大型連休中、お寿司を食べた人も多かったのではないだろうか。筆者も5月5日こどもの日、遠方から遊びに来た姉の孫一家と一緒にお寿司を頂いた。
姉は糖質制限を学びお寿司が”ダブル糖質”だということも理解しているが、やはり来客時のごちそうはお寿司が定番のようだ。注)シャリは、糖質の多いごはんと二杯酢の砂糖を使用しているのでダブル糖質となる。
糖尿病の義兄、境界型の姉、低糖人の主人と私はシャリを残して上の刺身だけを頂いた。残したシャリ8個の概算糖質量は62.8g以下(角砂糖15.7個分以下)もあった。以前はこの程度の数はペロリと平らげていた。

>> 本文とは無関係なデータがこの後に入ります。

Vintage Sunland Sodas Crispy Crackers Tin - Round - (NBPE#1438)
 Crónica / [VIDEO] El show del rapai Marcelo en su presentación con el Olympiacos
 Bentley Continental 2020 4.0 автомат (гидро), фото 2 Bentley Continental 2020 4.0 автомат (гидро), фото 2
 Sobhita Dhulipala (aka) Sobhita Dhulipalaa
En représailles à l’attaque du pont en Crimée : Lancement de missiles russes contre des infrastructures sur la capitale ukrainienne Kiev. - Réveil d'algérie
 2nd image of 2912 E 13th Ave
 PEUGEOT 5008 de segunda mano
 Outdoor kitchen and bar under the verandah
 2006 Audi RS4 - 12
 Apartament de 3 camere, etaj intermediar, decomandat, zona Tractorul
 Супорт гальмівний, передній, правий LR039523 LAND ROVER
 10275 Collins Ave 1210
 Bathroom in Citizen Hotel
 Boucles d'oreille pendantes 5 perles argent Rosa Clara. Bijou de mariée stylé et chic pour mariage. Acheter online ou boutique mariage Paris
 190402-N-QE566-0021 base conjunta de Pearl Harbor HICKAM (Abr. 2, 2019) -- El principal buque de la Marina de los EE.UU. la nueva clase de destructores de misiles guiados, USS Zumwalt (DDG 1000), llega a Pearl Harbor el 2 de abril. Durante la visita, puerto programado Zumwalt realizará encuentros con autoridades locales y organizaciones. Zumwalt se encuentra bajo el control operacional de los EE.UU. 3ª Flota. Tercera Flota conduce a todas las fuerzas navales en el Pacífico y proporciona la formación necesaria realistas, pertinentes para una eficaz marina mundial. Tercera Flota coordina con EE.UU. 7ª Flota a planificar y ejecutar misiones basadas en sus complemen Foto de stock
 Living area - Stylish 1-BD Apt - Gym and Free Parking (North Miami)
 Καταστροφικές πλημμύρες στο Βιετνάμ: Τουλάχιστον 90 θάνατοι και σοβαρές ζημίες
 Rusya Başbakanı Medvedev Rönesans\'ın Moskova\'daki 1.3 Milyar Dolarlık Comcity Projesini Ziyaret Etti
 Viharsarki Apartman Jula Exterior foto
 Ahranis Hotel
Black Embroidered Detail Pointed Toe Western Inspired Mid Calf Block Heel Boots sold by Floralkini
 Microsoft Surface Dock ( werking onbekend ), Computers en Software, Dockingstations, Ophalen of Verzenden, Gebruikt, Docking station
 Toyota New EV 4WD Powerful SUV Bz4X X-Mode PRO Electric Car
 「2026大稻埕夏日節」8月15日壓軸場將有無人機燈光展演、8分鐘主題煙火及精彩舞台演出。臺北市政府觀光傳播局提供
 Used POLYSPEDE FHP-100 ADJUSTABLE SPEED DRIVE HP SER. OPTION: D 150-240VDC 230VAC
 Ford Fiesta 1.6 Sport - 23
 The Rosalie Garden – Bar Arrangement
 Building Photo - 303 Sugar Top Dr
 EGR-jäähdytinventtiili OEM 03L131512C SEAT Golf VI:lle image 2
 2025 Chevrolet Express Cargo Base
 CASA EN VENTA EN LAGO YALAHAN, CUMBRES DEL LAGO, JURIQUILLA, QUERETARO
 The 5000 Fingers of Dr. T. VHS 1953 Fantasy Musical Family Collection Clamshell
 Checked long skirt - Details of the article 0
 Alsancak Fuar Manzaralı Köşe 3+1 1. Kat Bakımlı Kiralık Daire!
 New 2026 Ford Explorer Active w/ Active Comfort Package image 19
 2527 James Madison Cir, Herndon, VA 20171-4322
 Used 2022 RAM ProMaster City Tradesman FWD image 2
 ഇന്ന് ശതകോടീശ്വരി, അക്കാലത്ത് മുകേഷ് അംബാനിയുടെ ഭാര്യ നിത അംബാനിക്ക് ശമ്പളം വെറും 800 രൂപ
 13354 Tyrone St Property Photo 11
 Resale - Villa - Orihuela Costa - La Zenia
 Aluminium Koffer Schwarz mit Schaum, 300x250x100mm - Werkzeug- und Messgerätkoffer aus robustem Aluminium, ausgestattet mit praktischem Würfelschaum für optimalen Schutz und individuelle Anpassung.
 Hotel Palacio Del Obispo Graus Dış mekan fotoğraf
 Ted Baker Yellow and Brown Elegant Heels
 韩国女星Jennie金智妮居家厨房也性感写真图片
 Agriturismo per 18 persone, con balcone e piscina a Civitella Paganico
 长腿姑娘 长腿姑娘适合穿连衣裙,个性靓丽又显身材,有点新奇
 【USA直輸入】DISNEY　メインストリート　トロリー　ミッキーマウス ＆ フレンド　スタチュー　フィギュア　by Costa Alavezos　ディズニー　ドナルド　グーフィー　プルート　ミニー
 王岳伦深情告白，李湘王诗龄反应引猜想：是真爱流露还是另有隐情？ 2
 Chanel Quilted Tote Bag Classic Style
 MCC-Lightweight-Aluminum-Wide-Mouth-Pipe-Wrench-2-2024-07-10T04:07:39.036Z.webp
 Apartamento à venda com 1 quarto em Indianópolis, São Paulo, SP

特に回転寿司へ行くと、糖質の多いビールを飲みながら、積み上げられた皿は塔のようになっていた。魚介のにぎり2貫=約15.7g(角砂糖約4g個分)、カッパ巻き6個=19.3g(角砂糖4.8個分)もある。知らなかったとは言え恐ろしい糖質量を摂取していたわけだ。《参考文献:食品別糖質量ハンドブック 江部康二著》
一方、残したシャリの固まりを見ながら、食べ物のない国の飢えた子供達、米づくり農家の人達に対して申し訳ない気持ちで一杯になった。自宅や低糖人との食事ではこのような事は起こらないが、会食で普通の食事=糖質の多い食事をせざる得ない場合、「食べるべきか」「残すべきか」「食べ物を粗末にして良いのか」と思うことが多々ある。
糖質制限を実践することは大切だが食のありがたみを考えることも大切だ。また人間関係も大切だ。家族ですら理解がなければ推し進めると角が立つ。お寿司一つで考えさせられた。
そこで、令和という新しい時代を迎えた初めてのこどもの日に、50年前の田舎の食環境を思い出してみた。
筆者が生まれ育った八ヶ岳高原は今でこそ人気リゾート地だが、当時は道路整備が不十分なので物流も悪く、今のように多種多様な食品を入手できる術はなかった。
ベストセラー本「炭水化物が人類を滅ぼす」の著者夏井睦医師は昆虫食推奨派だが、山梨県北巨摩郡(現北杜市)の住人はおかずにイナゴや蜂の子を普通に食べていた。秋には刈り取りした稲の根元の土中に生息しているタニシ(巻き貝-地元では”ツボ”と呼ぶ)をよく取りに行った。泥抜きした後大根と味噌で炊く。イナゴもタニシも農薬散布でいなくなったが、今は珍味として食べられているようだ。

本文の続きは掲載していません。